En Grande-Bretagne, les découvreurs sont incités à faire enregistrer leurs découvertes
Le British Museum est à la tête d’une base de données, The Portable Antiquities Scheme (PAS) qui fait le recensement des découvertes que les détectoristes sont obligés de rapporter aux archéologues. Les statistiques que nous avons établies pour les besoins de l’exposition montrent que l’on a véritablement affaire à une exploitation industrielle du patrimoine archéologique anglais. À ce rythme, il n’y aura bientôt plus rien à découvrir à portée de détecteur de métaux parce qu’on aura littéralement épuisé le sol. Oui, l’archéologie est une ressource épuisable. C’est un réservoir limité de matériaux. Quand on aura tout épuisé, nos petits-enfants n’auront plus rien à fouiller et ne pourront pas en savoir plus que nous sur notre passé, alors même qu’ils disposeront de techniques d’exploration supérieures aux nôtres. C’est un cruel paradoxe. Avec de nombreux collègues, nous militons pour la préservation autant que possible du patrimoine archéologique dans le sol.
La chasse au trésor est donc bien une forme de vandalisme…
On paye le prix de cette fascination pour le trésor. Le véritable ennemi de l’archéologue, c’est cette image frelatée véhiculée dans les films ou certains romans qui le représentent comme un aventurier à la recherche de l’objet exceptionnel. L’archéologie, c’est tout le contraire. Ce qui est recherché, ce sont les traces matérielles de la vie quotidienne du passé, qui montrent comment les conditions de vies ont évolué sur le temps long. L’objet exceptionnel n’est pas représentatif à cet égard. Il ne s’agit pas de dire qu’il n’a aucun intérêt, mais le véritable objectif de l’archéologue n’est pas le trésor.
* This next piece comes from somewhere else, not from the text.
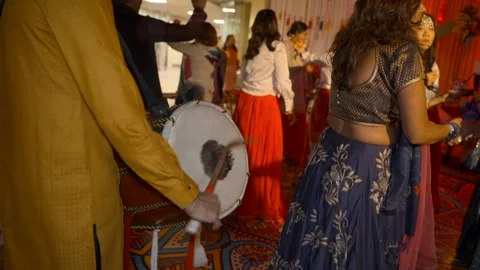 Man playing drums during an Indian wedding party. Video stock 264556458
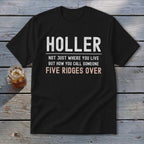 Black t-shirt with text "HOLLER NOT JUST WHERE YOU LIVE BUT HOW YOU CALL SOMEONE FIVE RIDGES OVER".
Comment caractériser une visite réussie de cette exposition ?
Nous avons voulu faire naître deux sentiments chez le visiteur : un sentiment de frustration, car l’exposition commence par une vitrine vide – il ne verra jamais ces objets volés – et le sentiment que le patrimoine archéologique est fragile, qu’il faut donc le préserver le plus longtemps possible. Le pillage est la violence ultime que l’on exerce contre ce patrimoine. C’est vrai dans les pays en guerre ; on parle d’antiquités de sang pour dire cette violence extrême. Mais c’est vrai aussi, même si la violence est moins grande, dans les pays en paix, quand on opère la nuit pour donner aveuglément de grands coups de pelle dans la terre.
Première du genre, une convention de partenariat a été signée le 20 juillet dernier entre les services des ministères de la Culture (Direction générale des patrimoines et de l’architecture) et de l’Intérieur (Direction générale de la Gendarmerie nationale) afin d’assurer une meilleure protection du patrimoine archéologique contre les atteintes qui lui sont régulièrement portées (destruction de sites, pillage, recel etc.) Inspirée par la convention de coopération entre la Préfecture de la région PACA et la gendarmerie de Provence – Alpes Côte d’Azur, elle prévoit notamment la mise en place d’un réseau de référents dans chaque administration et pourra faire l’objet de déclinaisons locales afin de l’adapter aux spécificités du terrain.